I couldn’t even make the 30 minute mark.
Once we got to the part where all the cats are gyrating on the floor and orgasming the theater was in chaos. Some guy behind me was screaming.
My friends were laughing crying. And I was horrified; I was so high and the scene was so unsettling I felt nauseous.
I have never felt, truly, the word surreal as much as I did in that theater, high surrounded by yelling, screaming, fear and naked cat people.
Velocipastor is one of those movies that are absolutely horrendous when sober, but turn into one of the greatest comedic masterpieces when piss drunk & high as a kite.
4. Holmes & Watson
My friends and I had the option to watch Spider-Man into the Spiderverse, or this garbage. We chose poorly.
5. The Emoji Movie
The 37% Audience Score on Rotten Tomatoes was simply not enough to allows us to look past the 7% critics score. One of the critical reviews, which is shared in sentiment with those of the other critics, reads as follows:
“It is a bad movie and will turn your children’s brains into Patrick Stewart’s character.”

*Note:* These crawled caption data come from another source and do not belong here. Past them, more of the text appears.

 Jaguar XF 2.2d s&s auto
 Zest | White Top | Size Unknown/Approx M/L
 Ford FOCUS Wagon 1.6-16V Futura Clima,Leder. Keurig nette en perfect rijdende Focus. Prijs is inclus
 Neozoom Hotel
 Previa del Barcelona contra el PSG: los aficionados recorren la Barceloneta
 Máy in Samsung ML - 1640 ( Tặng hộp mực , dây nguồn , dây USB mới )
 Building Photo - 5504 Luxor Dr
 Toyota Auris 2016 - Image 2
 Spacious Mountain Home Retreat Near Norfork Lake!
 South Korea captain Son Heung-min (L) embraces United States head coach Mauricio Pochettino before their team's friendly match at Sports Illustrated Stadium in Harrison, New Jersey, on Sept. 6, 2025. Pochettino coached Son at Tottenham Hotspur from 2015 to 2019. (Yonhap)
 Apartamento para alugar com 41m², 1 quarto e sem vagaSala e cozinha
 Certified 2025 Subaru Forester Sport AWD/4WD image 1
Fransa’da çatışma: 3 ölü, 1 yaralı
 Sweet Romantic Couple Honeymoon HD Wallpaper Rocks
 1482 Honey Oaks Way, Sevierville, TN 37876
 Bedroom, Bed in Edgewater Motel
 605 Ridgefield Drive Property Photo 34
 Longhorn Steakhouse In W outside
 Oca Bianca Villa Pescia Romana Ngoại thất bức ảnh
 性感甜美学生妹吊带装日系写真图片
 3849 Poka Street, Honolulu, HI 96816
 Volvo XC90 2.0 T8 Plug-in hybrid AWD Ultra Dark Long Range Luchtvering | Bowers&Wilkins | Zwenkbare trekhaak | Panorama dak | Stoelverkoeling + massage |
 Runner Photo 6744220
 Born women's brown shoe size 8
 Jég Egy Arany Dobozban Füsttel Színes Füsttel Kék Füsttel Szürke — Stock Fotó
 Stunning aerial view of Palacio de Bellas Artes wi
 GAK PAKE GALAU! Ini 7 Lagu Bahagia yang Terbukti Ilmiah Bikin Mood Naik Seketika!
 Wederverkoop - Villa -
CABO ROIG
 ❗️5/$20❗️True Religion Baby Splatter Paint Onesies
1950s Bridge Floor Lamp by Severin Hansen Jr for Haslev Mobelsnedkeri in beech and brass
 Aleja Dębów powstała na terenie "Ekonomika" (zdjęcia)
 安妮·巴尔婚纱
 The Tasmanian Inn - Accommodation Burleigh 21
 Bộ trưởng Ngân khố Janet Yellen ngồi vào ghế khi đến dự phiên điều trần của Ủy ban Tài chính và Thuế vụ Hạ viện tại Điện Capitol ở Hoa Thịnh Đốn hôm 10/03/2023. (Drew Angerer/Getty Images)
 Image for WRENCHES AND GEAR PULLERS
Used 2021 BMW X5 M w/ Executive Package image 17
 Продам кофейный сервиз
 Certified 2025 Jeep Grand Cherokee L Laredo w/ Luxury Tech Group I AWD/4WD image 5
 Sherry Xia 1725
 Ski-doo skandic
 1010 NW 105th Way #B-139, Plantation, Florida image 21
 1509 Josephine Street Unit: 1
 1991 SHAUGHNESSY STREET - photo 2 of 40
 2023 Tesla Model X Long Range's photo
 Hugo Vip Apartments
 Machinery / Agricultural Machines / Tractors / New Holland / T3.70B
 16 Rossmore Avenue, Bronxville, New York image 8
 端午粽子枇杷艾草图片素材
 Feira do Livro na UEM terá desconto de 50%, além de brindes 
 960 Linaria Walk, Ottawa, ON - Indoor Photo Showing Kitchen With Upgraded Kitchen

Mind you, Patrick Stewart plays the turd emoji in the movie.
6. Artemis Fowl
Josh Gad was an absolute horrible choice for a narrator.
7. Jupiter Ascending
I only watched it because my parents said it was a good movie. I couldn’t get over the fact that it felt like the plot looped over and over. I couldn’t understand what the fluff the point of this was. It just seemed so ridiculous.
8. The Last Airbender
The animated series is an all time classic and record breaker but M. Night Shyamalan’s adaptation is sure to put a dent on his previously solid reputation as a film-maker. Just hear it from the audience:
“Just when you thought The Happening was bad, M Night Shyamalan decides to ruin your memories of your beloved show and create an abomination of cinema. This film has awful writing and even worse, this film makes Attack of the Clones look like a masterpiece. I give this film 1/10.”
That comparison with Attack of the Clones provides a great point of reference.
9. Pacific Rim Uprising
The CGI looks like it was created using software from the 90s Power Rangers movies.
10. 50 Shades of Gray
Dakota Johnson isn’t like the worst actor ever but I find it really hard to believe she’d have a career without her parents.